Emincer, fleurer, sabler, abaisser une pâte ou crever le riz… Cent mots. Cent gestes culinaires que les futurs cuisiniers vont devoir apprendre dans une langue qui n’est pas la leur. Un traiteur solidaire, les Cuistots migrateurs, vient d'inaugurer une école ouverte aux réfugiés.
Hiba, Qadarkhan, Lobsang... Ils sont dix à faire partie de la toute première promotion pilote de l’école de cuisine des Cuistots Migrateurs, un traiteur solidaire. Ils viennent d’Afghanistan, de Libye ou du Soudan et tous, ont le statut de réfugié.
Au programme de ce cinquième jour de formation sous la houlette du Chef Fabrice Corbonnois : soupe à l’orge perlée, tourin, flan de courgettes sautées, une tarte tatin au boudin. “A tomber !”, sourit le Chef formateur.
L’idée a germé dans la tête des deux fondateurs des Cuistots migrateurs, Sébastien Prunier et Louis Jacquot, qui envisagent la cuisine comme facteur d’insertion pour les réfugiés et d’ouverture aux autres cultures. Avec cette école, ils ont voulu renforcer le caractère social de leur entreprise de traiteur fondée en 2016 qui emploie des réfugiés et valorise la cuisine venue d'ailleurs.
La formation ouverte aux réfugiés dure 4 mois. Elle commence par 180 heures de Français, principal obstacle pour trouver un emploi. "Il y a tout un travail qui est fait pour comprendre les instructions qui sont données en cuisine", explique Imaad Ali, le Responsable pédagogique de l'école des Cuistots migrateurs.
La partie pratique se déroule à l’Institut culinaire de Paris dans l’est parisien. Après avoir été initiés à la langue Française, les apprentis cuistots se consacrent à travailler leurs papilles. Ils bénéficient de 400 heures de cours de cuisine.

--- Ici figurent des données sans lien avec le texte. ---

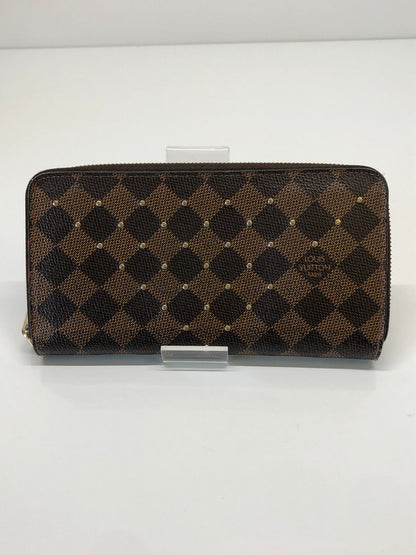【現状渡し品】【レディース】 LOUIS VUITTON ルイヴィトン N60122 ジッピーウォレット スタッズ ダミエ エベヌ 長財布 ラウンドファスナー (ICH) 179-260823-AS-7-hon カラー：ブラウン 万代Net店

Ils y apprennent les principales techniques culinaires en préparant eux même leur repas qu'ils partagent ensuite ensemble chaque midi. Le cursus se poursuit avec un stage en entreprise dans un restaurant partenaire et se terminera par un examen pour obtenir le certificat de qualification professionnelle de commis de cuisine, un diplôme reconnu par la profession.
"Je ne travaillais pas dans le secteur de la cuisine", éclate de rire Hiba Gaafar. Cette architecte d’intérieur a quitté le Soudan, son pays natal à cause de la guerre et a dû tirer un trait sur son passé professionnel ne parlant pas assez bien le Français pour l'exercer ici. Pour elle la cuisine française s’apparente à de l’art.
"Le plus difficile pour moi, c’est la langue, pas le travail", témoigne Qadarkhan Safi qui a laissé son pays d’origine, l’Afghanistan, gangréné par le chômage. Il a déjà travaillé dans la restauration et les gestes n’ont pas trop de secrets pour lui mais il souhaite obtenir un diplôme afin d'exercer son métier dans une brasserie.
A l’apprentissage de la langue et de la cuisine s’ajoute un suivi individuel. "Nous proposons un temps de développement des compétences en fonction de leur projet professionnel. Il y a un accompagnement psychologique individuel pour comprendre et vivre les moments de tensions qui peuvent arriver en cuisine et avoir les ressources nécessaires pour désamorcer les éventuels conflits", ajoute Imaad Ali, n’oubliant pas les parcours de vie difficiles que certains ont pu vivre en quittant leur pays.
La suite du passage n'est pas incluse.